* Problem statement
Once you have located the line containing "Platformă de pescuit" in the material below, return it exactly along with each line after it through the line containing "Thumbnail 3 TSE".

* Data extract

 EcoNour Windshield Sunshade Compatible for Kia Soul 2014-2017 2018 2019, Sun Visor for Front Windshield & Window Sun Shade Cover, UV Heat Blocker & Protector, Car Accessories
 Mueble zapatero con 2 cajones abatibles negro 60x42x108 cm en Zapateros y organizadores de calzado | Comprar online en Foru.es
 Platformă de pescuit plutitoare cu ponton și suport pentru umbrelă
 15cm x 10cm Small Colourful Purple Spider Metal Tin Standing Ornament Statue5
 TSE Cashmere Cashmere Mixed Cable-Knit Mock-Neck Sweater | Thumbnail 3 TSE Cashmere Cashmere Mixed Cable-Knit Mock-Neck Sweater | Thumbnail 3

...

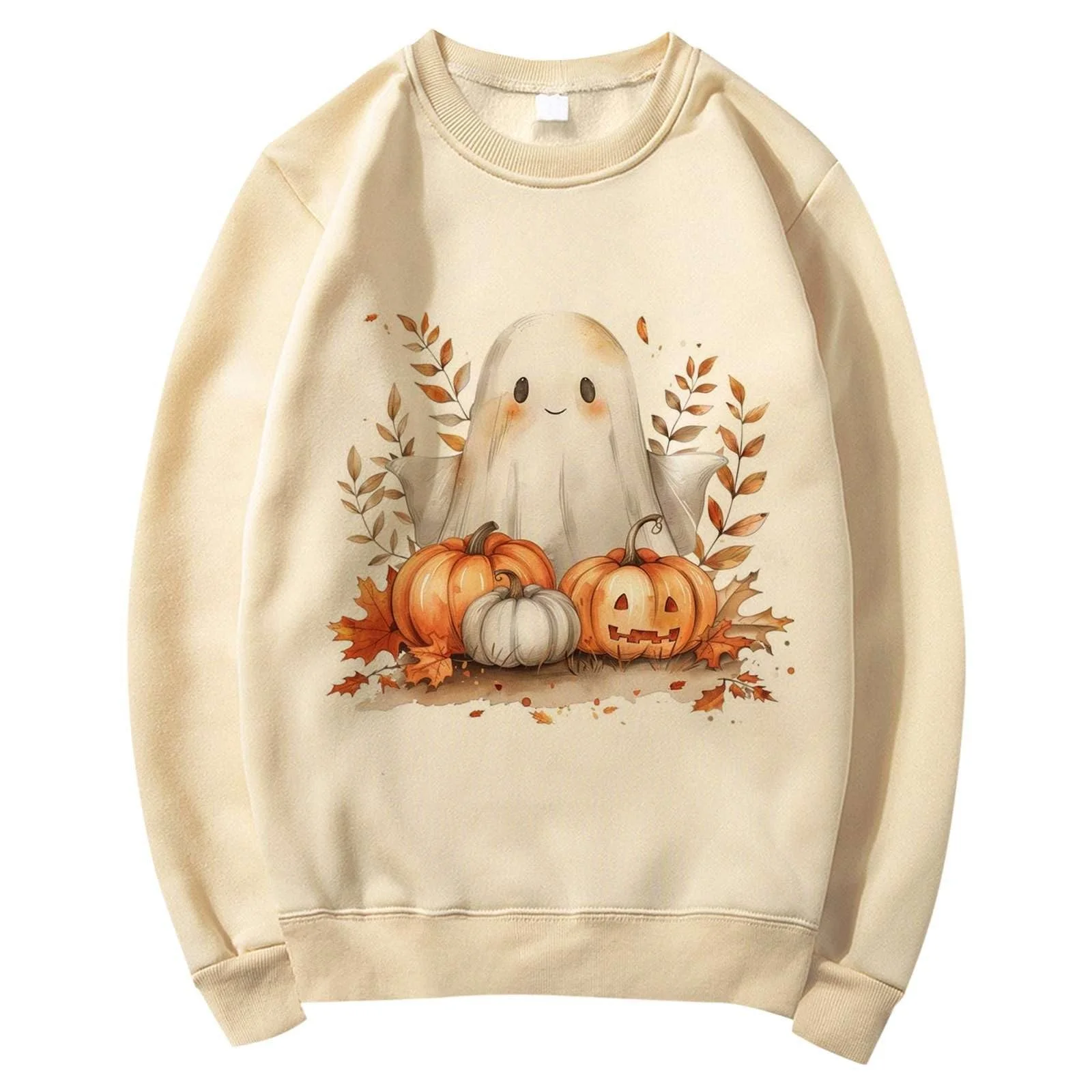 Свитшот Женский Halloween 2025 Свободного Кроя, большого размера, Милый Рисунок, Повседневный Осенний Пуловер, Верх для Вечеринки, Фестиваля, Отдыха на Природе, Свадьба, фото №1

* * *

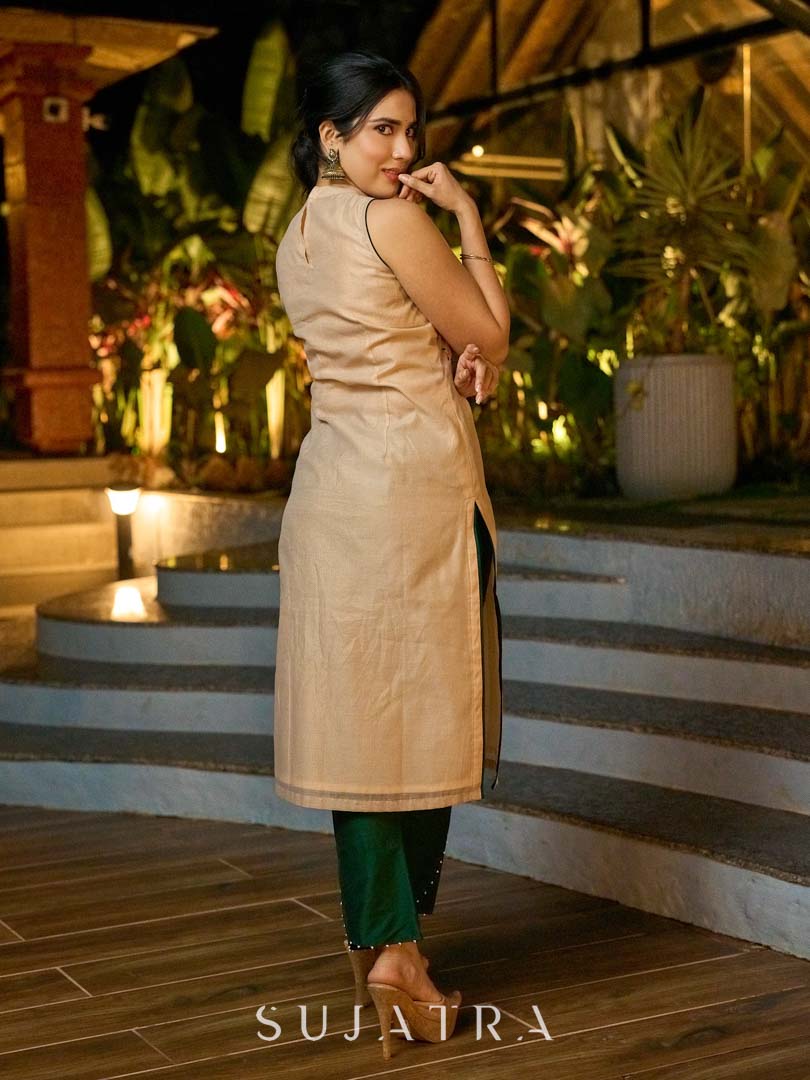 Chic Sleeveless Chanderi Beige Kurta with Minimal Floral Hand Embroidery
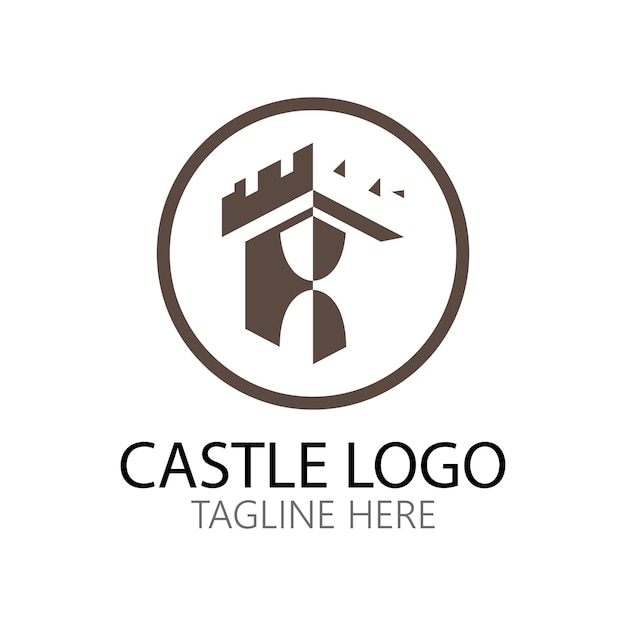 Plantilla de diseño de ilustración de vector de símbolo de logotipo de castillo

* Output of the task
 Platformă de pescuit plutitoare cu ponton și suport pentru umbrelă
 15cm x 10cm Small Colourful Purple Spider Metal Tin Standing Ornament Statue5
 TSE Cashmere Cashmere Mixed Cable-Knit Mock-Neck Sweater | Thumbnail 3 TSE Cashmere Cashmere Mixed Cable-Knit Mock-Neck Sweater | Thumbnail 3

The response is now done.